Information
- Other names: Australian Youth Theatre (AYT) Young Australian Broadway Chorus (YABC) Australian Boys Dance Academy (ABDA)
- Former names: Victorian Youth Theatre (VYT) Children's Performing Company of Australia (CPCA)
- Established: 1984
- Faculty: 200+
- Website: stageschool.com.au

= Stage School Australia =

Melbourne-based performing arts training provider for young people

Stage School Australia is a performing arts training organisation for young people founded in 1984. Based in Melbourne and Brisbane, its performing arm is known as the Young Australian Broadway Chorus. The school also operates the Australian Boys Dance Academy. Classes are offered for children as young as 4 years of age, up to age 18.

== History ==

Established in 1984 in Melbourne, the group was known as the Victorian Youth Theatre (VYT) for many years. It later became known as the Children's Performing Company of Australia (CPCA). It has operated as Stage School Australia since 2014.

In 1999, the school's performing ensembles became known as the Young Australian Broadway Chorus (YABC). Recognised by The Age as "Melbourne's leading musical-theatre training organisation", the YABC offers classes in singing, dancing, and acting, and stages several shows a year. Many YABC alumni have gone on to pursue professional careers.

In response to strong interest from the community, the school opened the Australian Boys Dance Academy (ABDA) in 2014. In the early years, its motto was "No tutus. No tights. We dance in pants." The ABDA offers classes in hip-hop, jazz, and tap dance.

In 2022, Stage School Australia expanded to Brisbane. According to the school, as of 2025, it operates across 30 venues across Melbourne and Brisbane, with more than 200 teachers and over 5,800 students.
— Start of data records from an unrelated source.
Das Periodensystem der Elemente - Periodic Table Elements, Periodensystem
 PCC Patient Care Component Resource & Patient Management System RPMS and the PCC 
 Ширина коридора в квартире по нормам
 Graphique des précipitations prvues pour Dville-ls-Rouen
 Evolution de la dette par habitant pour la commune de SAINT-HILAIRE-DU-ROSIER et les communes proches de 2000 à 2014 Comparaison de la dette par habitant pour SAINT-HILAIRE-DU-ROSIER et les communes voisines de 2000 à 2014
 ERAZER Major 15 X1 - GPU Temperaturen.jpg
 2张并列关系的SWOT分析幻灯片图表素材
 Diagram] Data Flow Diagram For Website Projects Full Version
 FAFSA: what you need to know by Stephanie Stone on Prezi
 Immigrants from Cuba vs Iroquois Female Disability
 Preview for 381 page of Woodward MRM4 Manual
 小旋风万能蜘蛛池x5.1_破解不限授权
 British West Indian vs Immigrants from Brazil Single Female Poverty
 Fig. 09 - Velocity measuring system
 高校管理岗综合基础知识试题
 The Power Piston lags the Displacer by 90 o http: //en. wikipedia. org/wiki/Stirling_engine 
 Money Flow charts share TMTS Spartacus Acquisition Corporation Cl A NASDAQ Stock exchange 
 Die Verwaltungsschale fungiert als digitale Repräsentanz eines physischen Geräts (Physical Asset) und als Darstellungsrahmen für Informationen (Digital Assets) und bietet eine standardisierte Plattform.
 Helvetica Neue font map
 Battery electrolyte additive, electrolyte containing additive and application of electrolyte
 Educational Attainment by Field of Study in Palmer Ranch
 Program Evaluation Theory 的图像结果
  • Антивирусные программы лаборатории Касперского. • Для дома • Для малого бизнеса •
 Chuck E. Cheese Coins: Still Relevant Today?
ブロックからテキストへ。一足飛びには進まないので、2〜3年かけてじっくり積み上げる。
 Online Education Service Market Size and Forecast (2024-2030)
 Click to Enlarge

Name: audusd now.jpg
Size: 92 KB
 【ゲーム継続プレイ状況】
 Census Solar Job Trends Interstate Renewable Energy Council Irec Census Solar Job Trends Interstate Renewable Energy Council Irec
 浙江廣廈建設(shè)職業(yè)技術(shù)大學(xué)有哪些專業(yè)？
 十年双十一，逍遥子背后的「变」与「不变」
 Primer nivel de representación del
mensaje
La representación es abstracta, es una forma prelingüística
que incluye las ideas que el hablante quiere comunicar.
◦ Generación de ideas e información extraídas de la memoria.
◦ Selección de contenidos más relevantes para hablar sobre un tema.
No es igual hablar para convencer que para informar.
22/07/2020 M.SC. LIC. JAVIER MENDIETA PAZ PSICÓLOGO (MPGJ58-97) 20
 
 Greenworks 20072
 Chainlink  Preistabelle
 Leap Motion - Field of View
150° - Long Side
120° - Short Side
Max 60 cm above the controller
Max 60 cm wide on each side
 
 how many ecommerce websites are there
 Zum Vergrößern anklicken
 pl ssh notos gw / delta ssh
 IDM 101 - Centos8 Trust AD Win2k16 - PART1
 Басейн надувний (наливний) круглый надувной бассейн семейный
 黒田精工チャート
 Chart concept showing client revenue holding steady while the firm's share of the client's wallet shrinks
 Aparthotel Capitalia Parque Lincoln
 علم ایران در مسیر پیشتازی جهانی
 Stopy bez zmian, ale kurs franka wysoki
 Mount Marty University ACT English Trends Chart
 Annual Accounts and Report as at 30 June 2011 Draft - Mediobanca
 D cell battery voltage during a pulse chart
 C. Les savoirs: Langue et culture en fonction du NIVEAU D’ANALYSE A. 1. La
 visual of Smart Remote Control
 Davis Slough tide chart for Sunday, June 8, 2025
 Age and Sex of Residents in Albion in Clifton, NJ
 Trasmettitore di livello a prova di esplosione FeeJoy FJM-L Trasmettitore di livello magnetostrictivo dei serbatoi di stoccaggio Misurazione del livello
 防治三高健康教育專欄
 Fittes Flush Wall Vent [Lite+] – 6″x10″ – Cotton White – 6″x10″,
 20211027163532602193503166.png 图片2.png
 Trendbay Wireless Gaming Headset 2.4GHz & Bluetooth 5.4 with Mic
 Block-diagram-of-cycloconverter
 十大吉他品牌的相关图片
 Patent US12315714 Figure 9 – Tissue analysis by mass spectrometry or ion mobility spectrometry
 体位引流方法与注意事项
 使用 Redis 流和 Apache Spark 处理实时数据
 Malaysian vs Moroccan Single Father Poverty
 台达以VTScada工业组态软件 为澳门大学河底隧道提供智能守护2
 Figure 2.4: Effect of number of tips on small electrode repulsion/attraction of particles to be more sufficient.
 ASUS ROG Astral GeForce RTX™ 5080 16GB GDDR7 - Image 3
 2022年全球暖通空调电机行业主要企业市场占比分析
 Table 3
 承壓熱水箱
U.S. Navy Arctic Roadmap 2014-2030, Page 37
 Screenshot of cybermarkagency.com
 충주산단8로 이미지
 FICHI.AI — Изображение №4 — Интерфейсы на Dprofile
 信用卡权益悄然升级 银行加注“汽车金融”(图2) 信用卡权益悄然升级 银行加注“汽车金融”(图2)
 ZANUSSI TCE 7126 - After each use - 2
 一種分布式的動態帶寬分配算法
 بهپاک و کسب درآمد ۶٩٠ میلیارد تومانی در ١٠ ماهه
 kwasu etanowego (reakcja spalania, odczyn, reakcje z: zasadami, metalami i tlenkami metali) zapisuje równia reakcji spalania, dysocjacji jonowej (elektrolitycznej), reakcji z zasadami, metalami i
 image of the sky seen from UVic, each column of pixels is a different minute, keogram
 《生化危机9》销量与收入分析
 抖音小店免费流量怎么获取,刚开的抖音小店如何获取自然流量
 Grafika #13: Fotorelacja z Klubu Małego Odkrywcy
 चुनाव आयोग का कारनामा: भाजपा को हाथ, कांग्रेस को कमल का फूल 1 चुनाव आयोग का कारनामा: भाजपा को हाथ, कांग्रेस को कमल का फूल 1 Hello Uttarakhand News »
The organisation also hires out its stage sets, props, and costumes for external shows.

As of 2025, the artistic director is Robert Coates, who started working for Stage School in 1995, and has directed most major YABC productions.

== Productions ==
Stage School Australia students perform at least twice a year. The Young Australian Broadway Chorus students perform in professionally staged productions, and can audition for school holiday productions and tours.

In 2010, the Young Australian Broadway Chorus performed Pure Imagination at the National Theatre in St Kilda, Melbourne. The show featured musical theatre classic songs from Willy Wonka and the Chocolate Factory, Oliver!, Guys and Dolls, and Wicked.

In 2011, YABC acquired the rights to stage the Broadway musical Spring Awakening. A cast with 24 members, all between the ages of 16 and 18, performed the full 2-hour musical at the National Theatre in St. Kilda, with signed permission from their parents.

In 2016, a cast of 74 performers from YABC appeared in the school's production of Disney's Beauty and the Beast at the University of Melbourne Union Theatre.

Stage School Australia's first production in Brisbane was The Wizard of Oz at the Draney Theatre, Ashgrove in 2024. In April 2025, it is staging the musical Seussical, also at the Draney Theatre. A review in The Scoop called it "a joyful, high-energy celebration of imagination".

=== Tours ===
Since 1996, Stage School Australia has conducted tours in Australia and internationally to countries including France, Germany, Italy, Singapore, the United Kingdom, and the United States.

In 1999, 15 performers from the Victorian Youth Theatre went on a three-week tour in the United States, with performances at venues including Disneyworld in Florida and the Lincoln Center in New York.

In 2010, 40 performers from the YABC performed at the Adelaide Fringe festival. A review in The Advertiser called their Broadway Junior Collection musical "fabulous", presenting "a torrent of foot-tapping big numbers, some good solo spots to showcase rising star material, some spirited dance routines and a bit of a story".
==Notable alumni==
- Actor Deniz Akdeniz was discovered while performing with the Victorian Youth Theatre and was offered a role in the Disney Channels As the Bell Rings.
- Actor Darcy Bryce, best known for his role in Furiosa: A Mad Max Saga, is a Triple Threat alumnus of YABC.
- Actor and media personality Maria Thattil, who was crowned Miss Universe Australia 2020, trained at Stage School Australia as a teen.
- Actor Samantha Tolj, best known for her role as police constable Kelly O'Rourke on the television series Blue Heelers, was enrolled in weekend and holiday workshops at Victorian Youth Theatre for six years from age 10.
- Film and television actor Alex Tsitsopoulos trained at Victorian Youth Theatre.
- Actor Matthew Werkmeister who played Zeke on Neighbours trained with Children's Performing Company of Australia.